Tuesday, September 12, 2017

Hillary Clinton, Get Thee Into The Wilderness!

I adore the coverage of Hillary Clinton's new book about the 2016 elections!  To see why, first read this piece "Hillary, Time To Exit The Stage."  Then read this fun piece, along (somewhat) similar lines: "It's Time For Hillary Clinton To Gracefully Bow Out of Public Life, Along With All Other Women."

The demands that Hillary Clinton pack her suitcases and gets a one-way ticket to the heart of the sun are psychologically interesting.  Why not just ignore her book if she so annoys particular journalists or readers?  And if she is as unpopular as Doug Schoen writes in the first article I link to, why would it matter what such an unpopular ice queen from vampire hell might scribble?  Go for a walk or bicker about something else in politics, Doug.

The "please-go-away-Hillary" people bring to my mind the role of a scapegoat in Leviticus:

A scapegoat is a person or animal which takes on the sins of others, or is unfairly blamed for problems. The concept originally comes from Leviticus, in which a goat is designated to be cast into the desert with the sins of the community. Other ancient societies had similar practices. In psychology and sociology, the practice of selecting someone as a scapegoat has led to the concept of scapegoating

It's not that Hillary Clinton is without sins or flaws, of course.  She has plenty of her own, but surely she has been saddled with many sins which belong to others, with made-up or magnified scandals, and thirty years of right-wing attacks against her and her husband. 

And, as I have written before, male politicians have gotten away with much worse sins without anyone ever pleading that they just go away and stay silent in the political congregations.  I bet you a zillion dollars that nobody would demand that Donald Trump be silent should he write a book after his presidenting is over (assuming earth still exists then).  Journalists might tear his book apart, but they wouldn't tell him to shut up.     

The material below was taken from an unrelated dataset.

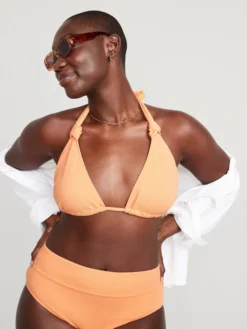 Old Navy Pucker Triangle Halter Bikini Swim Top For Women -Allure Favour https3A2F2Foldnavy.gapcanada.ca2Fwebcontent2F00522F5092F7102Fcn52509710.jpg 640x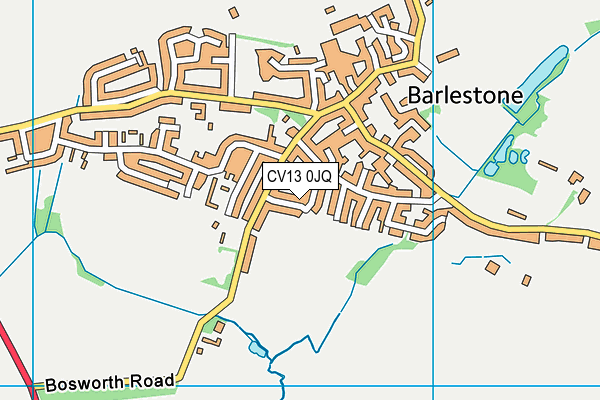 CV13 0JQ map - OS VectorMap District (Ordnance Survey)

Demanding that Hillary Clinton be silent is a little like making sure that the scapegoat is chased into the wilderness  There she trots, with all those 1990s Clinton scandals tied to her back.  There she trots, with all the evils of her email scandals*.  There she trots, carrying away all sorts of hind-brain emotions** we have about her (and perhaps about powerful women):  her lack of authenticity, her excessive ambition, her feelings of entitlement, her role in a political dynasty.

I can understand that many are simply tired of the Clintons and the constant bickering about them and just don't like her or her politics. 

But consider this:  Hillary Clinton is the first woman in the United States who had a real chance of winning the presidency.  The first woman ever.  And yet somehow many think she should not write a book about how she saw the campaigns! 

Just imagine how historians hundred years into the future might react to those current 'Hillary-please-go-away" demands when the dust has settled (not after a nuclear war, I hope) and the historical significance of her political campaign is more visible***. 


*  Here's a delicious treatment of those email scandals:

The best evidence that Clinton never really understood the damage the server story could -- and was -- doing was when she insisted to reporters at that Las Vegas event that "nobody talks to me about it other than you guys."
Poll after poll taken around that time suggested lots of people had questions about the emails -- and that Clinton hadn't adequately answered them. Two thirds of people in the 2016 exit poll said Clinton's use of a private email server bothered them; seven in 10 who said that voted for Trump.
The simple fact is that whether or not Clinton thought the email story was a legitimate one (she didn't), she should have been able to understand that voters she needed did think it was a real story and did have questions about why she did what she did.
Clinton then -- and now -- viewed the story as an entirely media-created narrative that regular people didn't care about. She was wrong then and she's wrong now.
People might not have cared about the email story in a vacuum. But, they cared deeply about it as a window into how Hillary Clinton conducted her business. And Clinton never -- not really -- gave them an answer that put those doubts to rest.

Mm.  I might argue that the way Donald Trump ran the Trump University or his foundation or how he spoke about pussy-grabbing should also have given the voters a window into how Donald Trump conducted his business, right.

Then there's the fact that the mainstream media covered the Clinton emails almost obsessively:

Ninety-one percent of the email coverage was negative in tone.  This must affect those reading the stories.  They were told, day in and day out, that something very very fishy was going on.

** These are hind-brain emotions, based on how we interpret women and men, and what we view as acceptable levels of ambition and proper behavior in women and men.  Ambition is still viewed as more appropriate for men than for women, women are expected to show more warmth and emotions to be viewed as authentic and caring, so a female politician cannot be too "lawyer-like."  But if she appears too emotional, she is then viewed as too weak to be a leader.  A Catch-22.

*** Hillary Clinton is now more often viewed as the establishment candidate, the representative of powerful inside interests, the member of a political dynasty and so on.  She is the old broom with worn-out bristles.  But the fact remains that in the longer-run her main significance will be as the first woman who almost got the presidency of the United States.